What is the next crazy idea that will be spun out of Silicon Valley as a massive, multi-billion dollar company? Do you think it could be a social media platform like Imgur, which has successfully managed to have millions of users request more advertisement from Walmart? Or what about an Air B’n’B for sea vessels, Boat Bound?
In the beginning of October, more than 150 companies in Silicon Valley opened their doors to the general public during the NewCo festival. It offered an insight into some of the projects that are taking shape here. For instance, Planet Labs creates “cheap”, miniature satellites to map the entire Earth’s surface every day. They launch 30 at a time like baby turtles – some of them simply don’t make it all the way up and out. Meanwhile, here in the world’s largest consumer nation, public authorities have managed to cut Californians’ water consumption in half over the last decade with captivating campaigns. Perhaps this is why ‘luxury’ water with taste from Hint Water has subsequently become one of the fastest growing brands in the US.

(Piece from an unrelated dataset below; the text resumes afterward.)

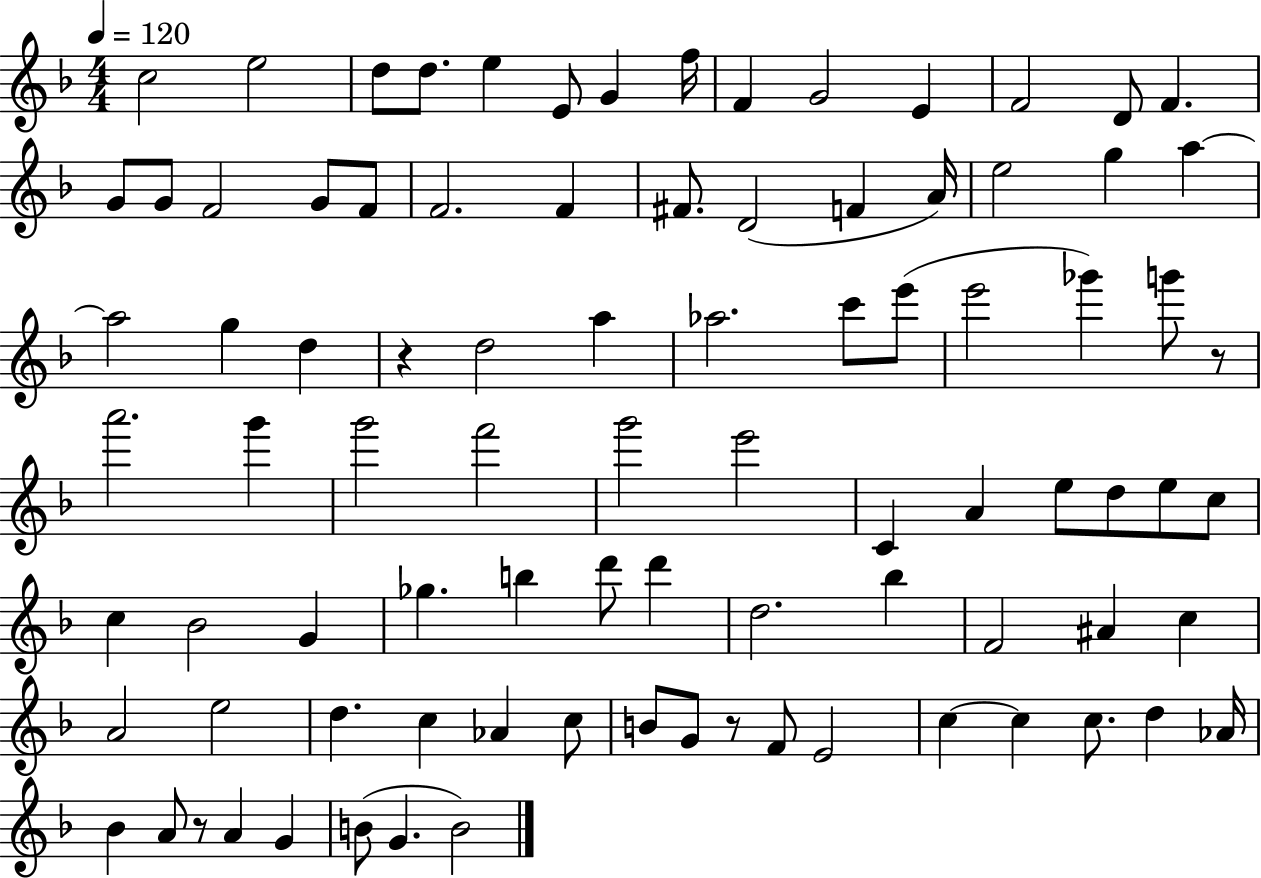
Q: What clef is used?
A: treble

Let us take a deeper look into 3 of the companies that we visited during the festival.
1) Alt School
Alt School is a network of micro schools founded by former head of personalization at Google, Max Ventilla. The idea is to bring the innovation of Silicon Valley into the classroom even on elementary level. Fundamentally, it means that each child gets a personalized curriculum that is constantly adjusting to fit the child’s needs and eradicate competition with others. This is done through technology in combination with a very high teacher-to-pupil ratio on the order of 5-8. Pupils of different ages share the same classroom that is constantly video monitored such that teachers can figure out what works and what does not.

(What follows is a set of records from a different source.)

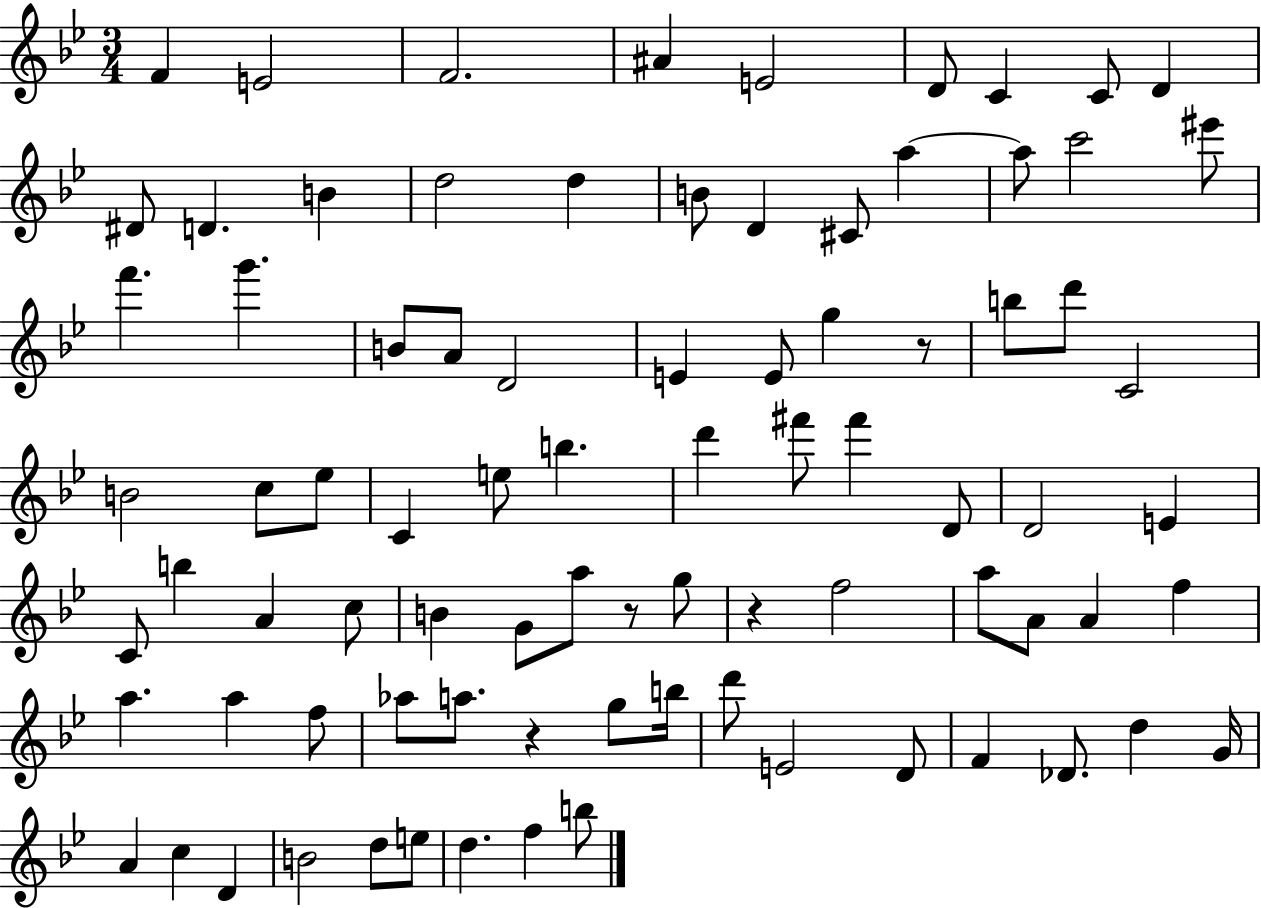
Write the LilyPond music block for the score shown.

{
  \clef treble
  \numericTimeSignature
  \time 3/4
  \key bes \major
  \repeat volta 2 { f'4 e'2 | f'2. | ais'4 e'2 | d'8 c'4 c'8 d'4 | \break dis'8 d'4. b'4 | d''2 d''4 | b'8 d'4 cis'8 a''4~~ | a''8 c'''2 eis'''8 | \break f'''4. g'''4. | b'8 a'8 d'2 | e'4 e'8 g''4 r8 | b''8 d'''8 c'2 | \break b'2 c''8 ees''8 | c'4 e''8 b''4. | d'''4 fis'''8 fis'''4 d'8 | d'2 e'4 | \break c'8 b''4 a'4 c''8 | b'4 g'8 a''8 r8 g''8 | r4 f''2 | a''8 a'8 a'4 f''4 | \break a''4. a''4 f''8 | aes''8 a''8. r4 g''8 b''16 | d'''8 e'2 d'8 | f'4 des'8. d''4 g'16 | \break a'4 c''4 d'4 | b'2 d''8 e''8 | d''4. f''4 b''8 | } \bar "|."
}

Alt School’s ultimate vision is to make schools be ahead of their time instead of behind. Price for enrollment? $20.000/year. Actual expenses/pupil for Alt School? $150.000. This enormous gab is currently financed by venture capital investment of more than $100M for Alt School’s 3 campuses in San Francisco, Palo Alto and Brooklyn, New York.
Now that’s how you are visionary with big money!
Metromile is an insurance and smart driving app. They offer pay-per-mile car insurance, which means that you only pay for what you drive.
So how do they do this? Metromile offers a free Metromile tag, which is a small GPS unit that can track your car. This means that they can accurately estimate the insurance premium, customized to your driving behavior. Therefore, drivers who only drive very little, no longer subsidize drivers who drive very much, which to a certain extent is an underlying mechanism of car insurance today.
However, the smart driving app also offers complimentary services enabled by accurate tracking of your commuting behavior.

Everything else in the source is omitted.